CJ de Villiers

Personal information
- Full name: Cornelius Johannes du Preez de Villiers
- Born: 16 March 1986 (age 40) Kroonstad, Orange Free State Province, South Africa
- Batting: Right-handed
- Bowling: Right-arm fast-medium
- Role: Bowler

Domestic team information
- 2006/07–2009/10: Free State
- 2010/11–2013/14: Titans (squad no. 10)
- FC debut: 26 October 2006 Free State v Namibia
- Last FC: 9 February 2012 Titans v Dolphins
- LA debut: 5 November 2006 Free State v Northerns
- Last LA: 18 March 2012 Northerns v KwaZulu-Natal

Career statistics
| Competition | FC | LA | T20 |
| Matches | 59 | 41 | 25 |
| Runs scored | 1,295 | 243 | 74 |
| Batting average | 17.98 | 16.20 | 14.80 |
| 100s/50s | 0/6 | 0/0 | 0/0 |
| Top score | 84 | 36 | 18 |
| Balls bowled | 9,717 | 1,670 | 485 |
| Wickets | 176 | 49 | 31 |
| Bowling average | 29.85 | 32.65 | 19.00 |
| 5 wickets in innings | 3 | 1 | 1 |
| 10 wickets in match | 0 | 0 | 0 |
| Best bowling | 5/36 | 5/39 | 5/12 |
| Catches/stumpings | 20/– | 10/– | 5/– |
- Source: Cricinfo, 3 June 2012

= CJ de Villiers =

South African cricketer (born 1986)

Cornelius Johannes du Preez de Villiers, also known as CJ de Villiers (born 16 March 1986) is a South African cricketer.

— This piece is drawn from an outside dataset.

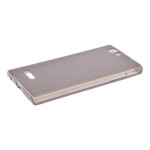 Capac Spate tpu gri pentru zte blade l2
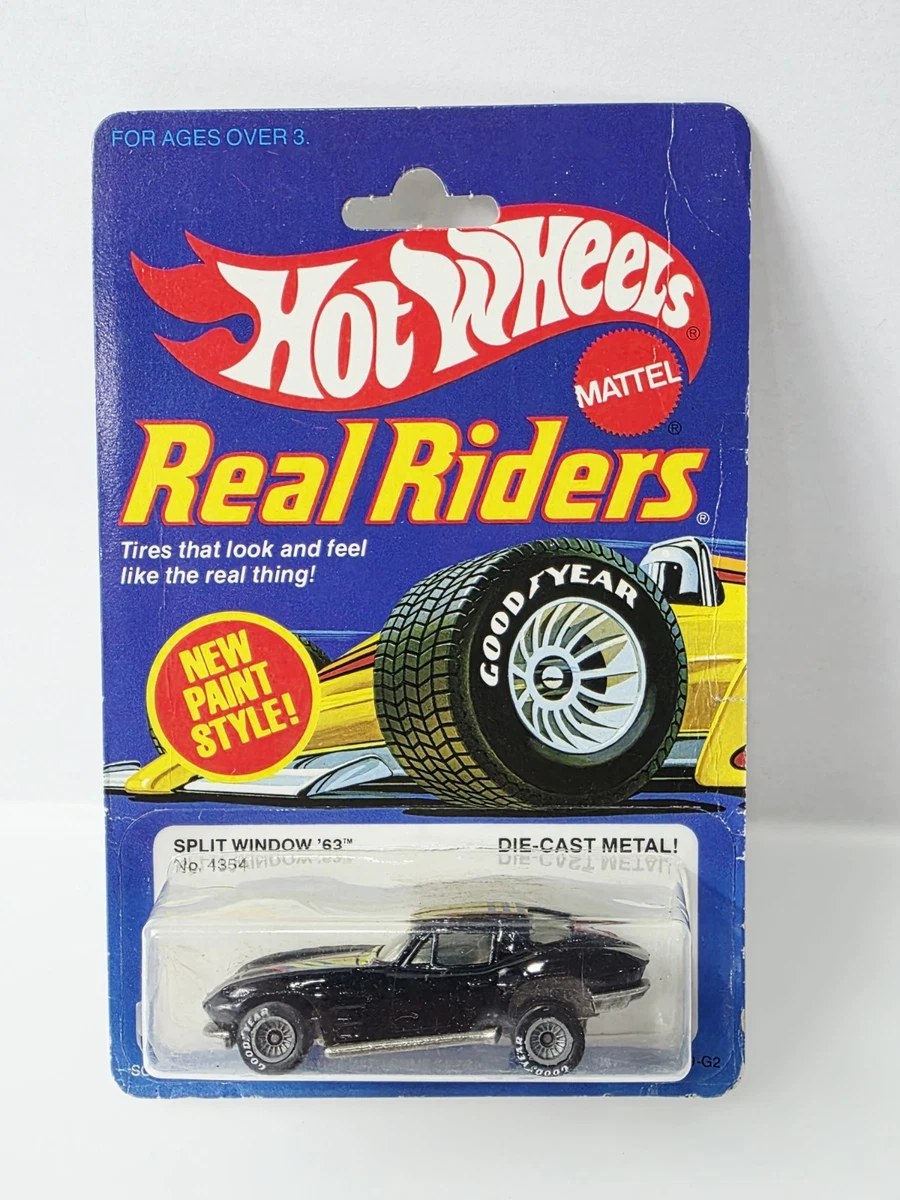 Hot Wheels Real Riders Diecast & Toy Cars for sale | eBay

He is a tall (6'4") right-handed batsman and a right-arm fast-medium bowler, who plays for Free State and Titans cricket teams.

==Career==

de Villiers made his first-class debut in 2006, scoring a total of 49 runs and taking one wicket for Free State in a match against Namibia. He followed 19 wickets in his debut season with a haul of forty in 2007-08, which left him as the sixth highest wicket-taker of the season.

In 2008 de Villiers played in South Africa A's unofficial Test series against Sri Lanka A, taking 5 for 36 during Sri Lanka's first innings in the second match.